Yet Duke Ellington had a point in his estimation of Miles' need to continually challenge himself and invent new forms in his work. Looking back, Miles would see this time in the same light as the other truly creative periods in his life. He was married (briefly as it turned out) to singer Betty Mabry who had a great influence on him. She introduced him to both Sly Stone and Jimi Hendrix, both whom she knew well. She changed the way Miles dressed. She put him in touch with the way that a new Black generation was thinking and expressing itself. And what Miles heard in Jimi Hendrix's blues and Sly and the Family Stone's funk was a new assertiveness, a new means of shaking off the shackles of the past that had led musicians like himself to play music composed by commercial composers, dress like businessmen and play in clubs that most young Blacks would not want to be seen in. Jimi Hendrix's take on "The Star Spangled Banner" at Woodstock – check that out at YouTube - said it all. He had arrived at a similar place to John Coltrane's deconstruction of "My Favorite Things" but was performing it for an audience of 400,000.

But there were other, less widely publicised influences. Miles Davis had met English composer and cellist Paul Buckmaster in London and invited him to New York and he had introduced him to the music of Karlheinz Stockhausen.

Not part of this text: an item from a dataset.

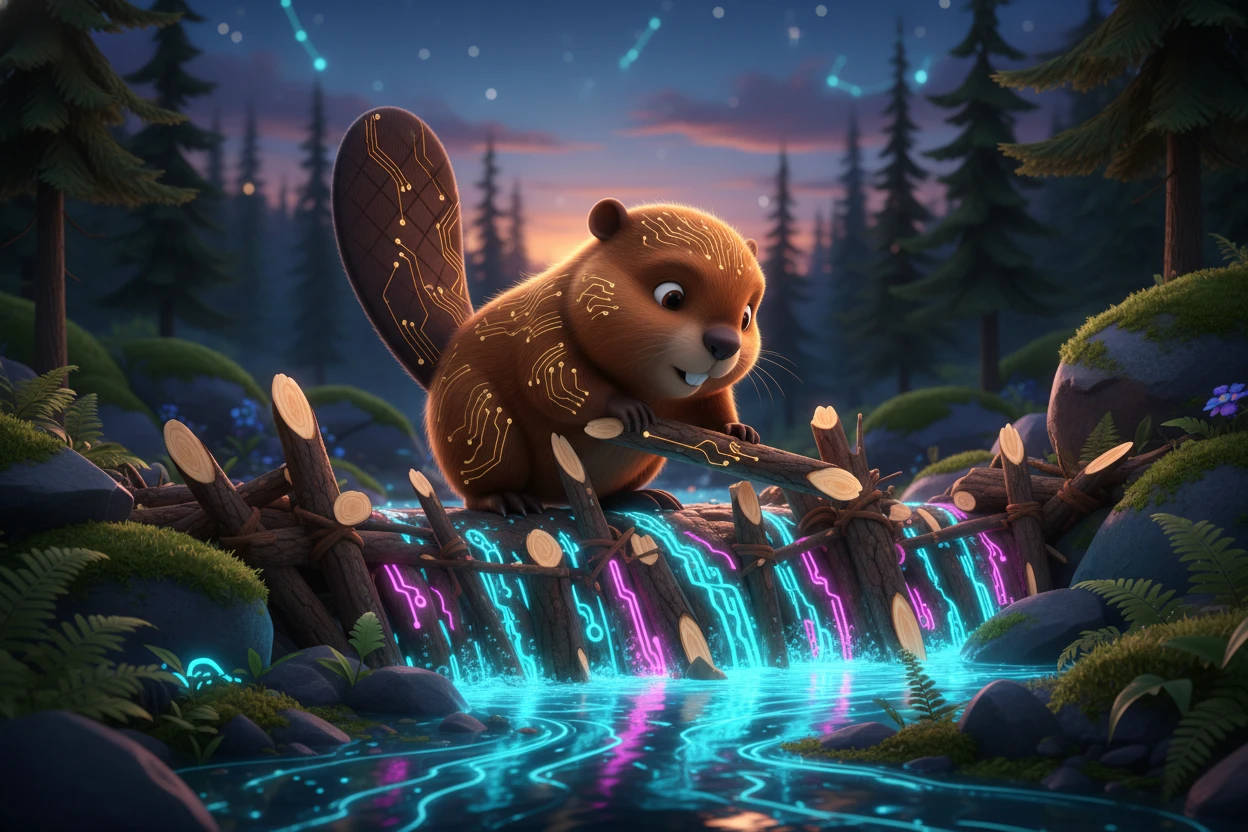 Baby beaver building a dam beside a glowing digital stream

Later, Miles would say: "I studied.... Stockhausen's concepts of music. I got further and further into the idea of music as a process. I had always written in a circular way and through Stockhausen I could see that I didn't want to ever play again from eight bars to eight bars, because I never end songs, they just keep going on."*

So, yes, "Bitches Brew" is influenced by funk and Jimi Hendrix's blues and his novel use of multitracking, as has been widely observed. But in this context and above all, "Bitches Brew" is music that comes about as a result of a way of working. And Miles Davis has left us with a very clear account of how this was done:

"I had been experimenting with writing a few simple chord changes for three pianos... So I had been writing these things down, like one beat chord and a bass line, and I found out that the more we played it, it was always different ……Then I started to think about something larger, a skeleton of a piece.… I told the musicians that they could do anything they wanted, play anything they heard, but I had to have this, what they did as a chord… I told them that at rehearsals and then I brought in these musical sketches that nobody had seen, just like I did on "Kind Of Blue" and "In A Silent Way"…"*

Once the recording sessions began, producer Teo Macero was told to keep the tapes rolling.

"So I would direct, like a conductor, once we started to play and I would either write down some music for somebody or I would tell him to play different things I was hearing, as the music was growing, coming together…. So that recording was a development of the creative process, a living composition. It was like a fugue, or motif, that we all bounced off of. After it had developed to a certain point, I would tell a certain musician to come and play something else, like Bennie Maupin on bass clarinet…. Sometimes, instead of just letting the tape run, I would tell Teo to back it up so we could hear what we had done. If I wanted something else in a certain spot, I would just bring the musician in, and we would just do it… It was just like one of them old-time jam sessions we used to have up at Minton's in the old bebop days."*

It is this creative process that defines "Bitches Brew". The much commented on use of overdubs and tape loop effects is far less important. And the result is a tumultuous, sometimes cacophonous but always challenging new jazz. Not atonal like the free jazz that Miles Davis despised yet with a shifting tonal centre that defies easy characterisation. Held together by thumping funk derived rhythms, often driven by simulataneous use of two basses, two drummers and multiple percussionists.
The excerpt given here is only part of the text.